Before starting the DataLab, preprocess the tweets like you did before.

In [None]:
import nltk
from nltk.corpus import twitter_samples
import matplotlib.pyplot as plt
import random
import numpy as np
import pandas as pd

In [None]:
nltk.download('twitter_samples')

In [None]:
# select the set of positive and negative tweets
all_positive_tweets = twitter_samples.strings('positive_tweets.json')
all_negative_tweets = twitter_samples.strings('negative_tweets.json')

In [None]:
print('Number of positive tweets: ', len(all_positive_tweets))
print('Number of negative tweets: ', len(all_negative_tweets))

In [None]:
import re                                  # library for regular expression operations
import string                              # for string operations

from nltk.corpus import stopwords          # module for stop words that come with NLTK
from nltk.stem import PorterStemmer        # module for stemming
from nltk.tokenize import TweetTokenizer   # module for tokenizing strings

In [None]:
from nltk.corpus import stopwords
nltk.download('stopwords')
stopwords_english = stopwords.words('english')

In [None]:
def tweet_processor(tweet):
    """
    Input:
        tweet: a string containing a tweet
    Output:
        processed_tweet: a list of token
        
    Processing steps:
    - Removes hyperlinks
    - Removes # sign
    - Tokenizes
    - Removes stopwords and punctuation
    - Stem tokens
        
    """
    # YOUR CODE HERE #
    return processed_tweet

In [None]:
tweet = all_positive_tweets[2277]
tweet_processed = tweet_processor(tweet)

print(tweet)
print(tweet_processed)

In [None]:
# 80% training 20% testing
positive_tweets_tr = all_positive_tweets[:4000]
positive_tweets_te = all_positive_tweets[4000:]
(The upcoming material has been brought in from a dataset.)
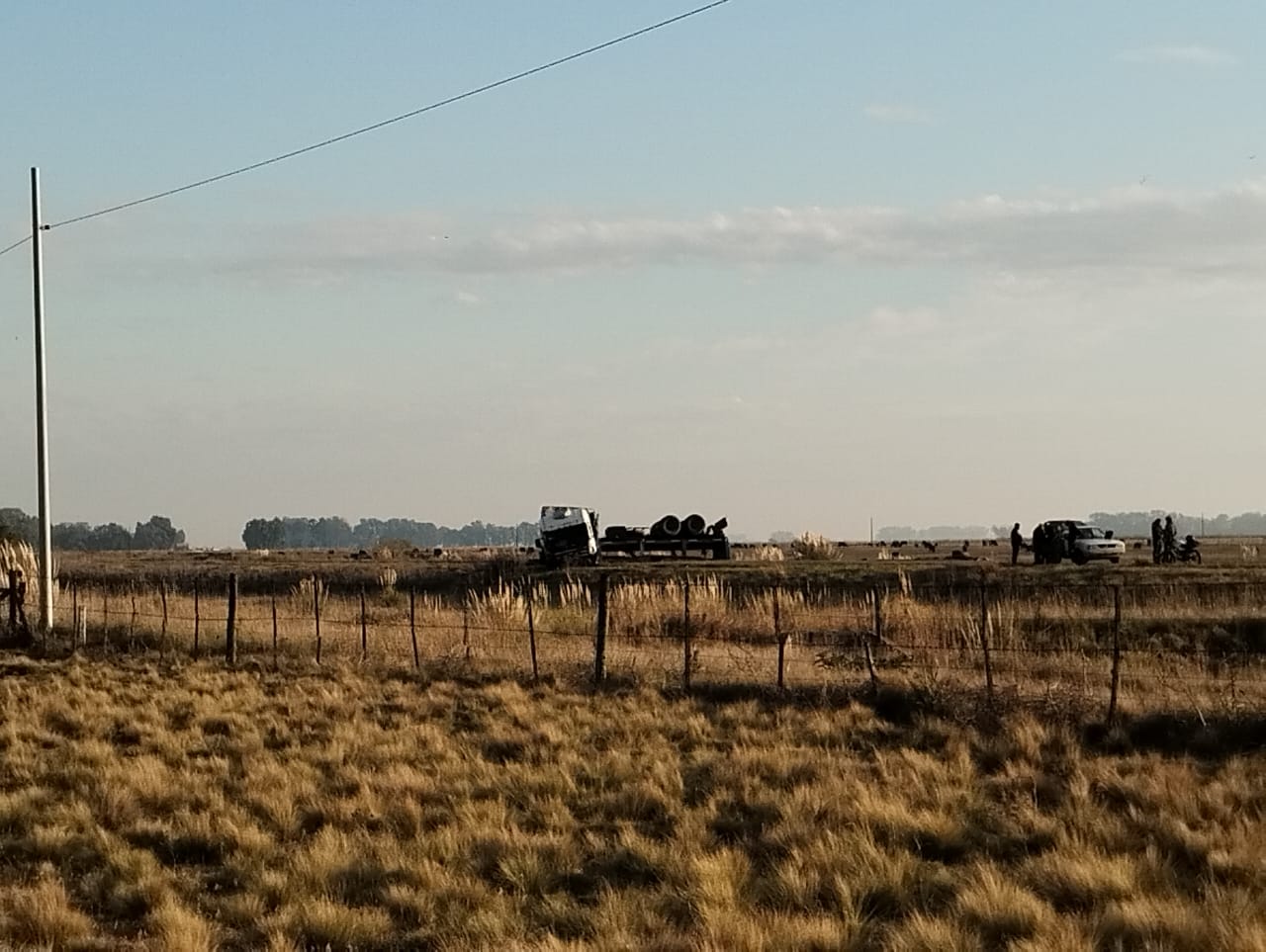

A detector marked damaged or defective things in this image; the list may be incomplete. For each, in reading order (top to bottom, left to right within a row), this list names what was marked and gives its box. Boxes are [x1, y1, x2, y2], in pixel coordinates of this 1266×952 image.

overturned truck [534, 506, 732, 565]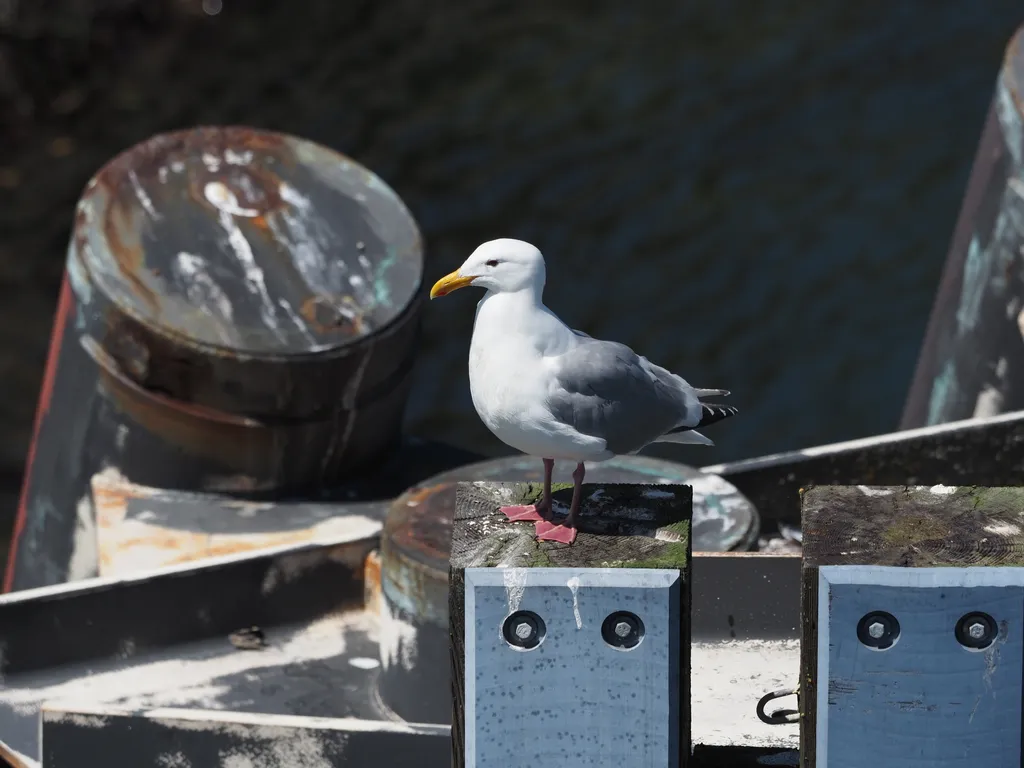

negative_tweets_tr = all_negative_tweets[:4000]
negative_tweets_te = all_negative_tweets[4000:]

In [None]:
def tweet_processor_list(tweet_list):
    # YOUR CODE HERE #
    return processed_tweet_list

In [None]:
positive_tweets_tr = tweet_processor_list(positive_tweets_tr)
positive_tweets_te = tweet_processor_list(positive_tweets_te)

negative_tweets_tr = tweet_processor_list(negative_tweets_tr)
negative_tweets_te = tweet_processor_list(negative_tweets_te)

You already did the steps until here in the previous DataLab. Let's do a quick sanity check:

In [None]:
assert len(positive_tweets_tr) == 4000
assert len(negative_tweets_tr) == 4000

assert len(positive_tweets_te) == 1000
assert len(negative_tweets_te) == 1000

assert type(positive_tweets_tr) is list
assert type(positive_tweets_tr[0]) is list
assert type(positive_tweets_tr[0][0]) is str

# Introduction

In this DataLab you will train a neural network with an embedding layer for classifying tweets as positive and negative.

Until now, we based our models (Logistic Regression and Naive Bayes) on counting the words. For the first time, we will try to capture meaning as well by using embeddings.

To achieve this, we need to represent words as numbers because neural networks work with numbers.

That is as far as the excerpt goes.